Vrijspraak van moord, doodslag wel bewezen
De rechtbank spreekt verdachte vrij van moord, omdat zij niet kan vaststellen dat hij met voorbedachte raad heeft gehandeld. De rechtbank acht wel bewezen dat verdachte zich schuldig heeft gemaakt aan doodslag, gelet op onder meer zijn bekennende verklaring en het sectierapport van het Nederlands Forensisch Instituut. De rechtbank acht ook bewezen dat verdachte het lichaam het slachtoffer heeft verborgen, weggevoerd en weggemaakt en dat hij zich schuldig heeft gemaakt aan diefstal van geldbedragen van haar bankrekening.

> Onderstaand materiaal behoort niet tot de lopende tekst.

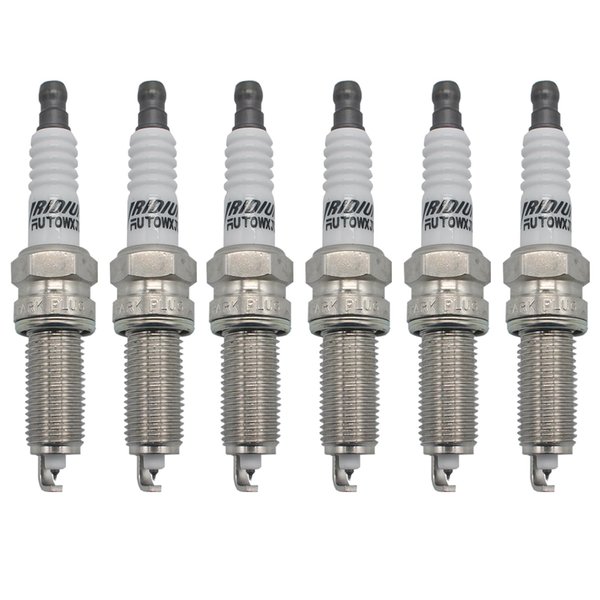 Autowxjq Iridium Spark Plug 6pcs Replace LKR7DIX-11S 93175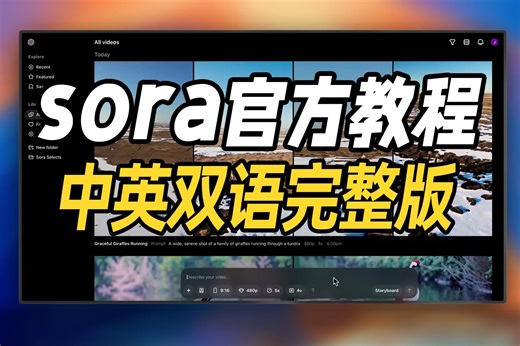 sora官方使用教程发布！【中英完整版】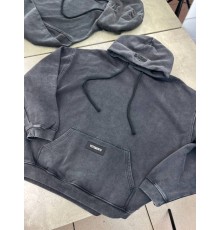 Худі сiрий Vetements Classic Logo Gray sg277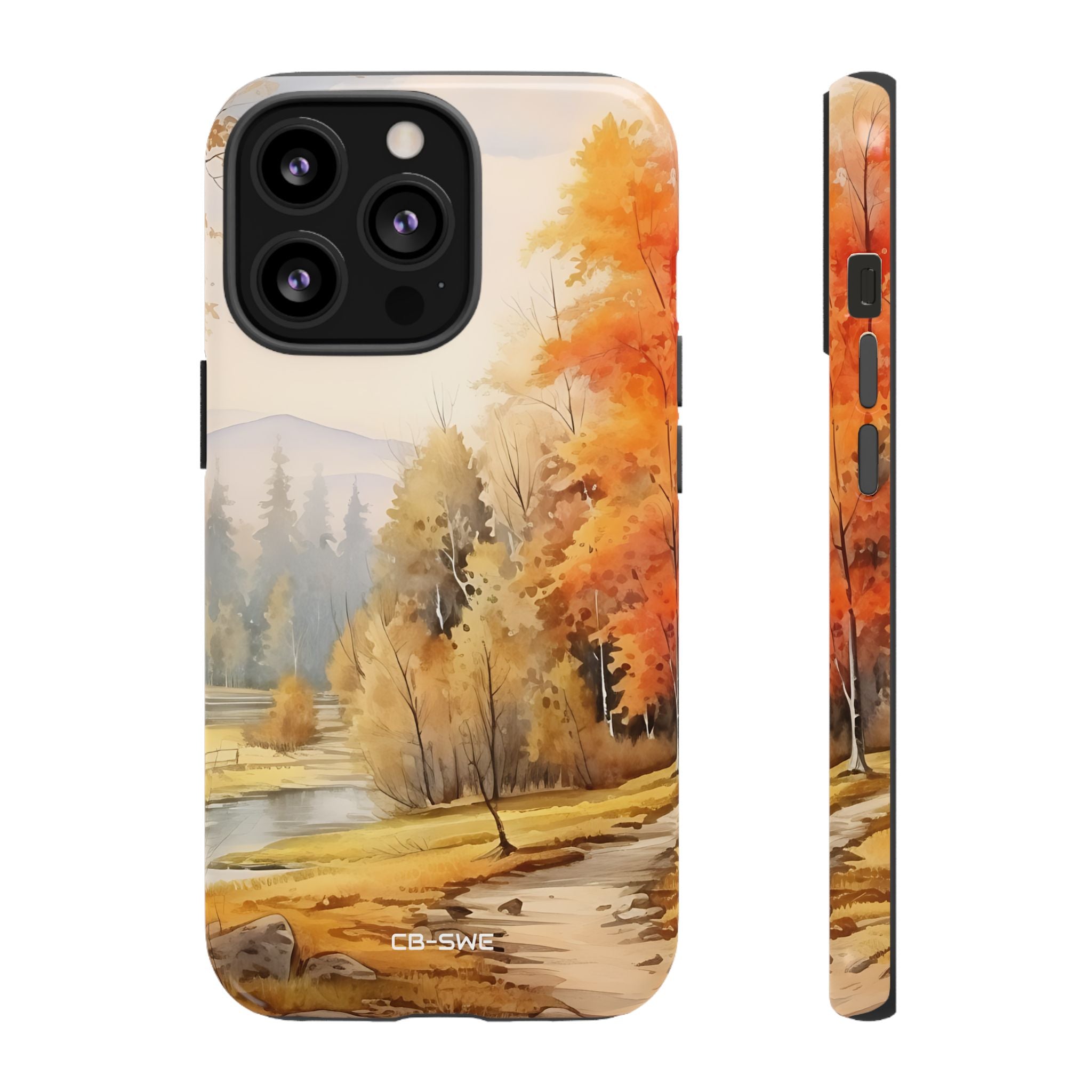 Golden Leaves Drift - iPhone Case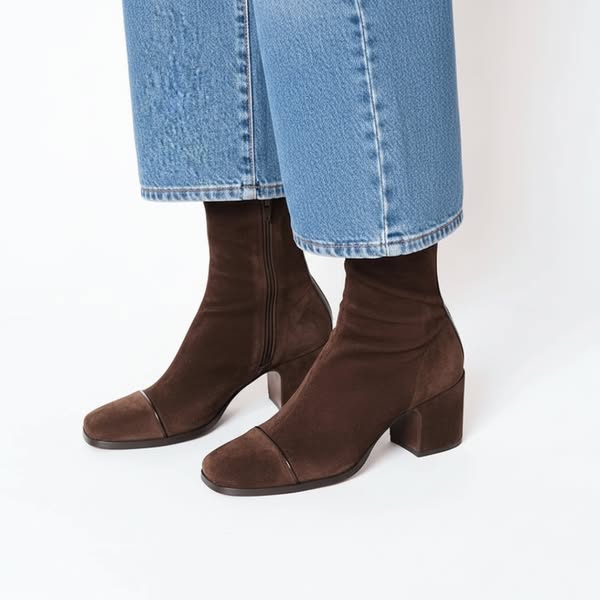Valenne | Square orthopedic toe heeled boots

Geen openheid van zaken gegeven
De rechtbank overweegt dat verdachte immens groot leed heeft berokkend aan de nabestaanden, onder wie de twee kinderen van verdachte en het slachtoffer, een kind van het slachtoffer uit een eerdere relatie, en de familie uit Hongarije van het slachtoffer. De rechtbank rekent het hem onder meer in het bijzonder aan dat hij bijna twee jaar lang geen openheid van zaken heeft gegeven en iedereen in het ongewisse heeft gelaten over wat er is gebeurd in maart 2020. Hij heeft bij de gewelddadige dood van het slachtoffer en daarna, zonder scrupules en totaal onverschillig gehandeld.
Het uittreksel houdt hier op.